• [Work instruction] Report how many lines of the data contain the string "Used". Add nothing.

----

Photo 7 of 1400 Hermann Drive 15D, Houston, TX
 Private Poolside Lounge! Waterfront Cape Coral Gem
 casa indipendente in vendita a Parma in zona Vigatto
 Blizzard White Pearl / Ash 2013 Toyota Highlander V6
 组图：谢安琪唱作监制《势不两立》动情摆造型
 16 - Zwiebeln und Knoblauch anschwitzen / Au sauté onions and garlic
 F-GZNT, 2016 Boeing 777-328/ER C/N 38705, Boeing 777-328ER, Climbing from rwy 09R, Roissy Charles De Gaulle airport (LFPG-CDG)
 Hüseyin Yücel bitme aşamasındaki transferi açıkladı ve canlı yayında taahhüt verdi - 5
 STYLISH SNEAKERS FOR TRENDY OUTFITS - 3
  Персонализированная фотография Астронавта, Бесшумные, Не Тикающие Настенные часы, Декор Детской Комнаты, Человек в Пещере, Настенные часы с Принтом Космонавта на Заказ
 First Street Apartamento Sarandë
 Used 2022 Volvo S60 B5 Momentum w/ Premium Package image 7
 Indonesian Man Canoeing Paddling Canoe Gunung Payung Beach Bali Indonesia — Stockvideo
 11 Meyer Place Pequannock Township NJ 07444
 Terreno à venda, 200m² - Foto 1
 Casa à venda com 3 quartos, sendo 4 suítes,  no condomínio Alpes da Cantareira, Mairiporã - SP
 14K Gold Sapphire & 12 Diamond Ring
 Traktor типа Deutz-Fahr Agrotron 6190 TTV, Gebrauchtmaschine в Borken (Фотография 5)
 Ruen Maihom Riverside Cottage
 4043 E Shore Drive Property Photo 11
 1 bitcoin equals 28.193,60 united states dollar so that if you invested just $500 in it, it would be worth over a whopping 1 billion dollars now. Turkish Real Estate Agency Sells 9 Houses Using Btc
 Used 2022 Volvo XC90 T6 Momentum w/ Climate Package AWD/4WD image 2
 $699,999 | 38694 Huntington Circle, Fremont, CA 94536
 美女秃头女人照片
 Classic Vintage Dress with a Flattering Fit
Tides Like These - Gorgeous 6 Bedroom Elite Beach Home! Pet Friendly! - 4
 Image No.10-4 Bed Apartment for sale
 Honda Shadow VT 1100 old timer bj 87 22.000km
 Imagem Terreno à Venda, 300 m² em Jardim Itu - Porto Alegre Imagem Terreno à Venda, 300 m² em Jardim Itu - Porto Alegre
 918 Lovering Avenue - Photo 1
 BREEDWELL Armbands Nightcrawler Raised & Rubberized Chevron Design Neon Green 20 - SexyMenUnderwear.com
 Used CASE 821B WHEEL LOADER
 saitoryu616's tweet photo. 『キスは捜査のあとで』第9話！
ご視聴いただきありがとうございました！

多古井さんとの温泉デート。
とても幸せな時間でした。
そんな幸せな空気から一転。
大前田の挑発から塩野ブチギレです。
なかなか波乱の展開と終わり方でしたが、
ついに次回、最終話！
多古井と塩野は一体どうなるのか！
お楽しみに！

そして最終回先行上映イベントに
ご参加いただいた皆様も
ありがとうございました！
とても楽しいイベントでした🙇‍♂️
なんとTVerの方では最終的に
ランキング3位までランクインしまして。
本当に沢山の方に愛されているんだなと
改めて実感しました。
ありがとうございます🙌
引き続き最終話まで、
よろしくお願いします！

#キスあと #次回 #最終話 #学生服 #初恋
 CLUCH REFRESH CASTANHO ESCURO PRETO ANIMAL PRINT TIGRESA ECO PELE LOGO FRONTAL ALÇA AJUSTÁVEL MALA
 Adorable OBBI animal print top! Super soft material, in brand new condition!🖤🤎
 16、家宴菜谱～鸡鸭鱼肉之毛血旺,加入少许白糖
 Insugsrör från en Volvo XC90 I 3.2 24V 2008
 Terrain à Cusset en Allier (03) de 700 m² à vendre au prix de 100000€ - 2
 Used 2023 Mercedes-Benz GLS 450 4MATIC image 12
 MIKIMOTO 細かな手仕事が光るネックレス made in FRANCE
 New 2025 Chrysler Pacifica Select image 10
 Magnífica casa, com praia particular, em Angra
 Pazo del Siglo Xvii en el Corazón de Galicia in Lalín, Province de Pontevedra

----

• [Solution to this problem] 4